Raw data:
--- START ---

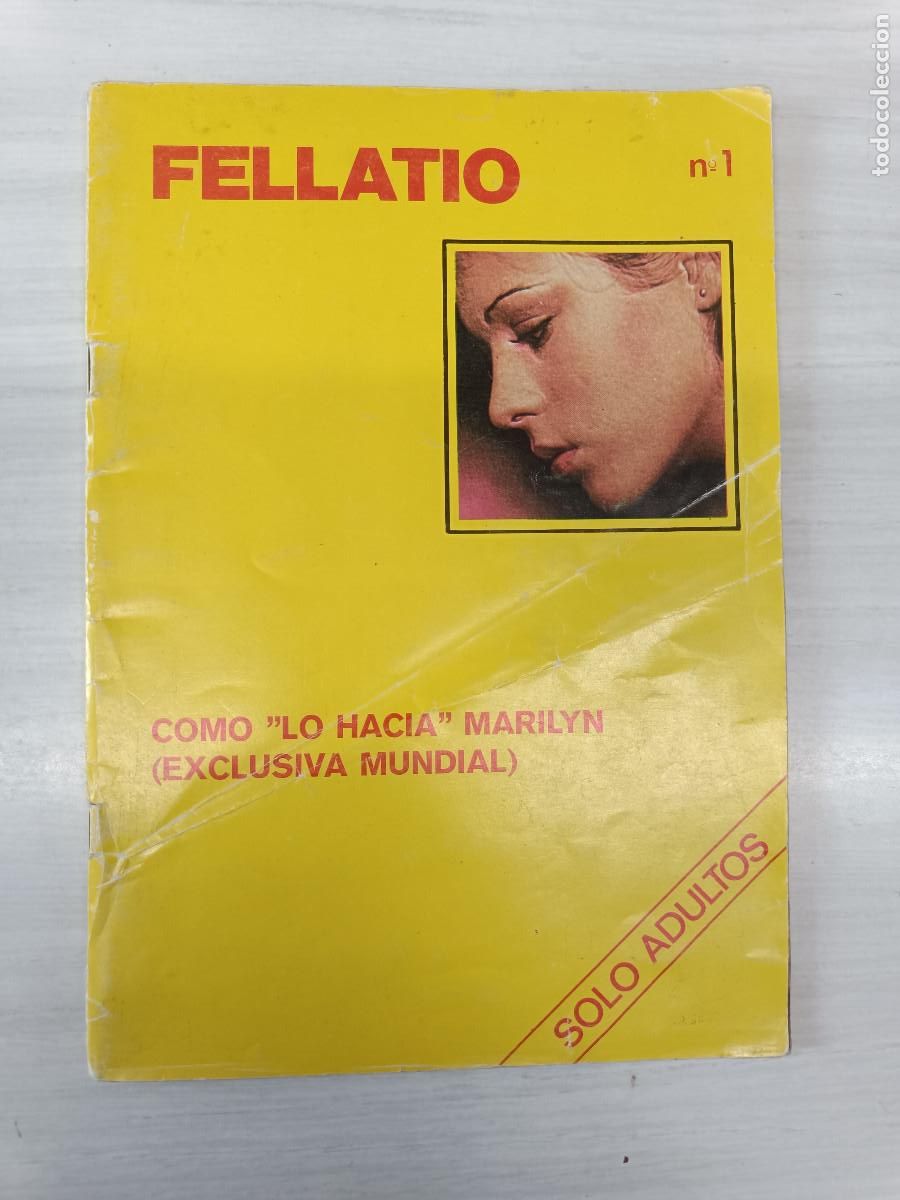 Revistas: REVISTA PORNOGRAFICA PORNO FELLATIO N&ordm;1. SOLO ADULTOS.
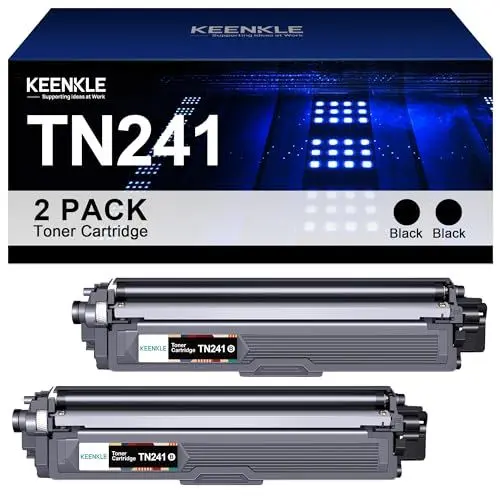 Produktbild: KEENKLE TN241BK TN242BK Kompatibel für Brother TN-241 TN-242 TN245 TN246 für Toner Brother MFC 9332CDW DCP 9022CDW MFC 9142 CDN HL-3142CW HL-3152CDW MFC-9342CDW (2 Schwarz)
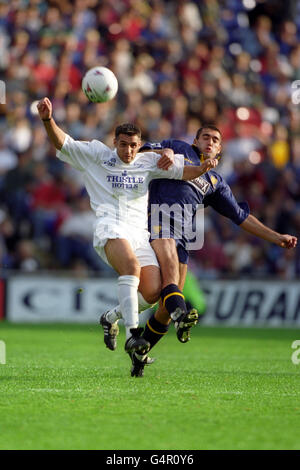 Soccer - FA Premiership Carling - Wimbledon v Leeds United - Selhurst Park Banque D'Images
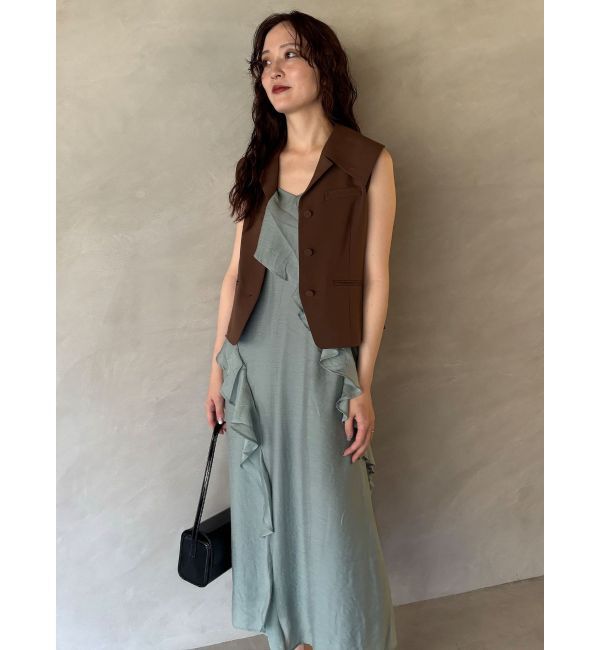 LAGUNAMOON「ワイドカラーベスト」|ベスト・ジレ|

--- END ---
--- START ---

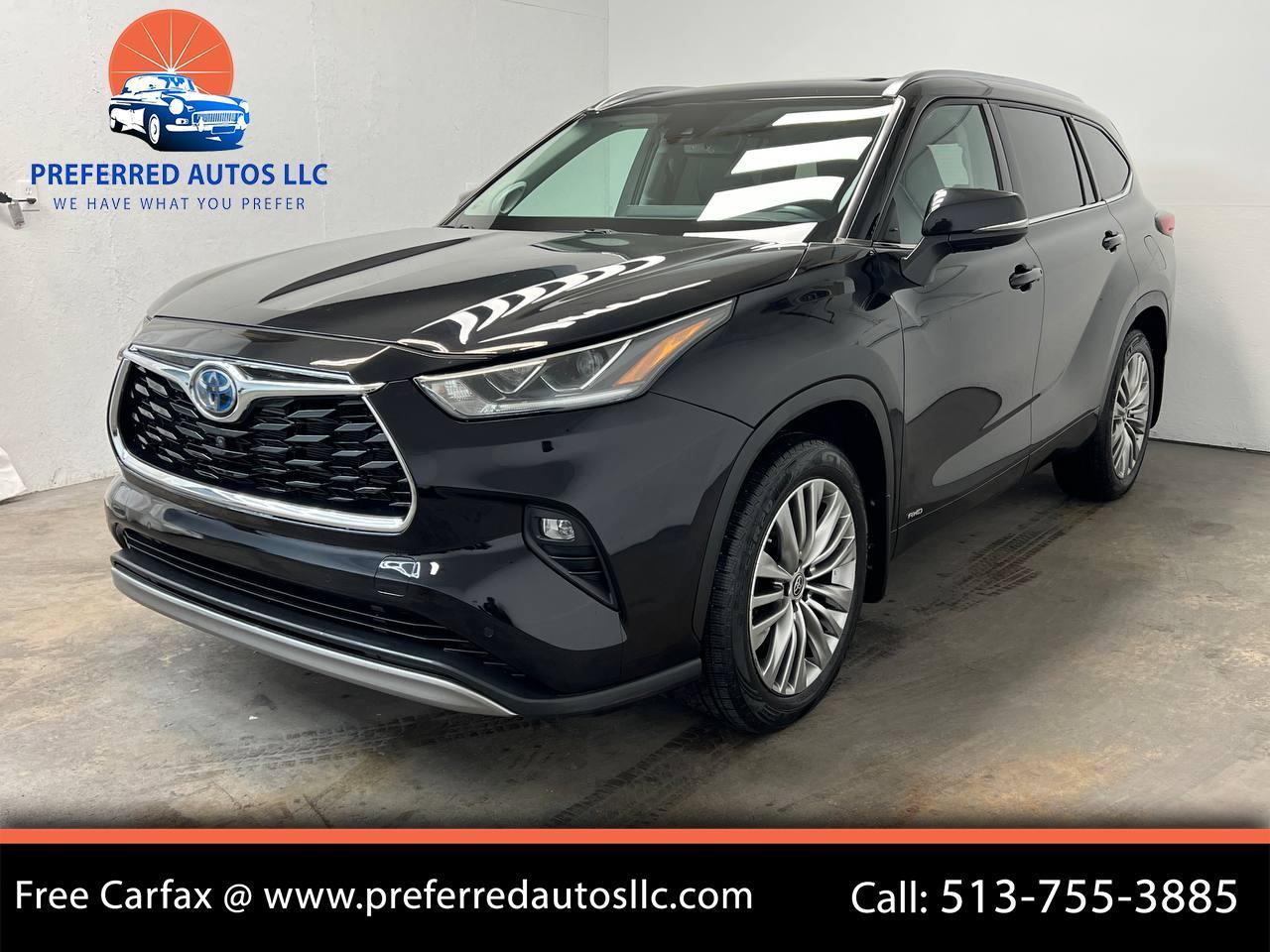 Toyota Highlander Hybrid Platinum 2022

--- END ---

Task instructions: Return word for word the lines of the listing above, starting at the line with "Revistas: REVISTA PORNOGRAFICA" and ending at the line with "LAGUNAMOON「ワイドカラーベスト」|ベスト・ジレ|", both included. Pictures do not belong in the copy.

Output of the exercise:
 Revistas: REVISTA PORNOGRAFICA PORNO FELLATIO N&ordm;1. SOLO ADULTOS.
 Produktbild: KEENKLE TN241BK TN242BK Kompatibel für Brother TN-241 TN-242 TN245 TN246 für Toner Brother MFC 9332CDW DCP 9022CDW MFC 9142 CDN HL-3142CW HL-3152CDW MFC-9342CDW (2 Schwarz)
 Soccer - FA Premiership Carling - Wimbledon v Leeds United - Selhurst Park Banque D'Images
 LAGUNAMOON「ワイドカラーベスト」|ベスト・ジレ|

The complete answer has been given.